• **Data segment**:
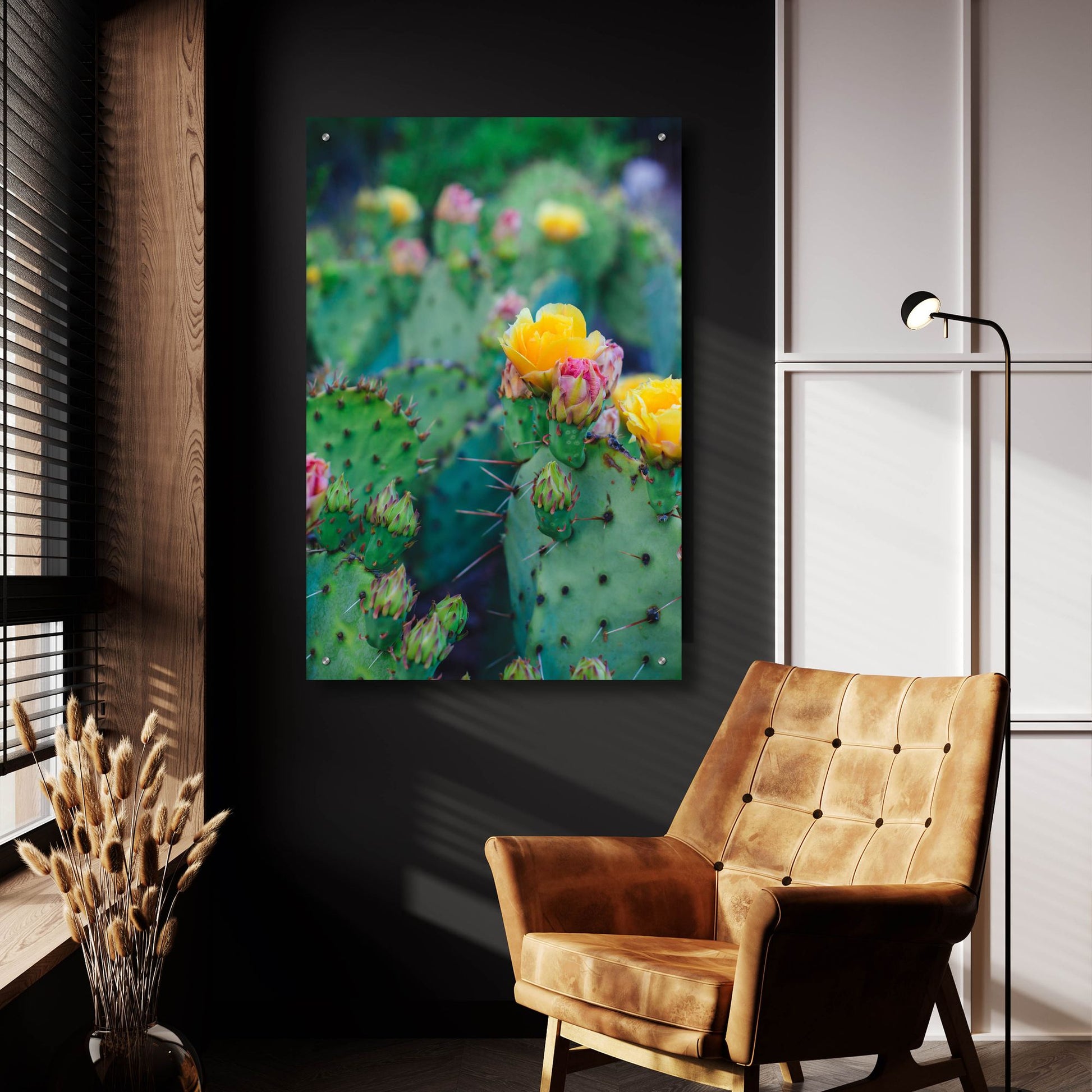 Epic Art ' Spring Cacti 1' by Sonja Quintero, Acrylic Glass Wall Art,24x36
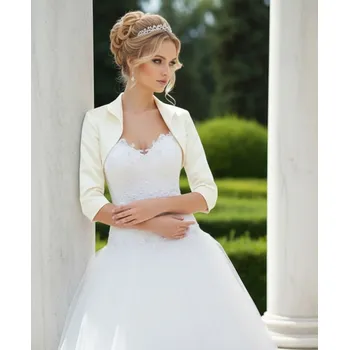 Bolerko Saténové svatební bolerko s 3/4 rukávem - ivory: BF-27 Vybraná velikost: 5XL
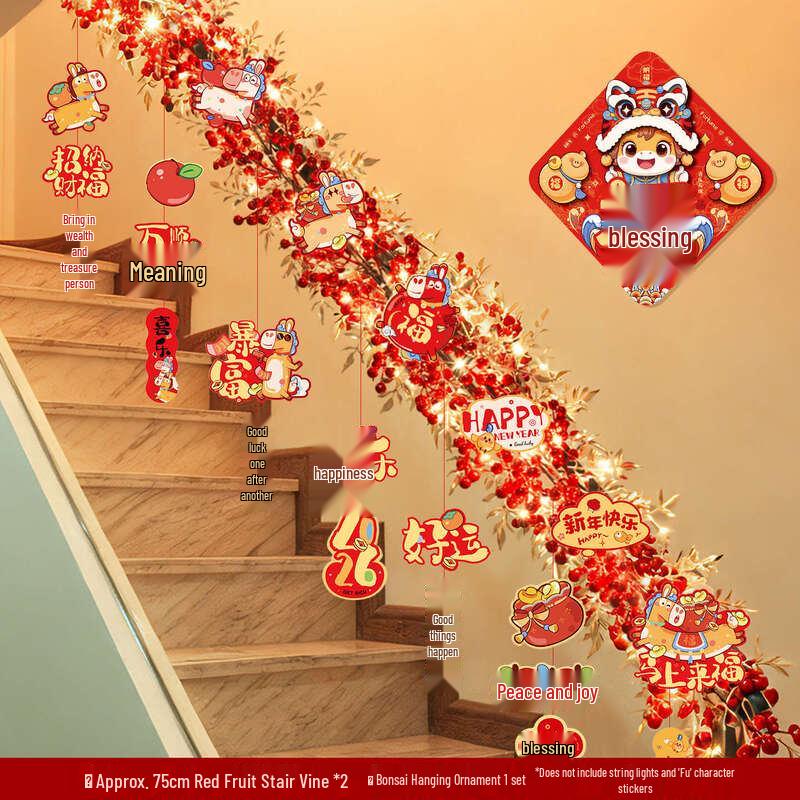 Handun Festive Red Berry & Joy Ornament Set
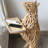 Creative Solid Wood Bear With Tray Decorative Piece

• **Task description**:
Instruction for this listing: copy it exactly, but leave the images behind.

• **Answer below**:
 Epic Art ' Spring Cacti 1' by Sonja Quintero, Acrylic Glass Wall Art,24x36
 Bolerko Saténové svatební bolerko s 3/4 rukávem - ivory: BF-27 Vybraná velikost: 5XL
 Handun Festive Red Berry & Joy Ornament Set
 Creative Solid Wood Bear With Tray Decorative Piece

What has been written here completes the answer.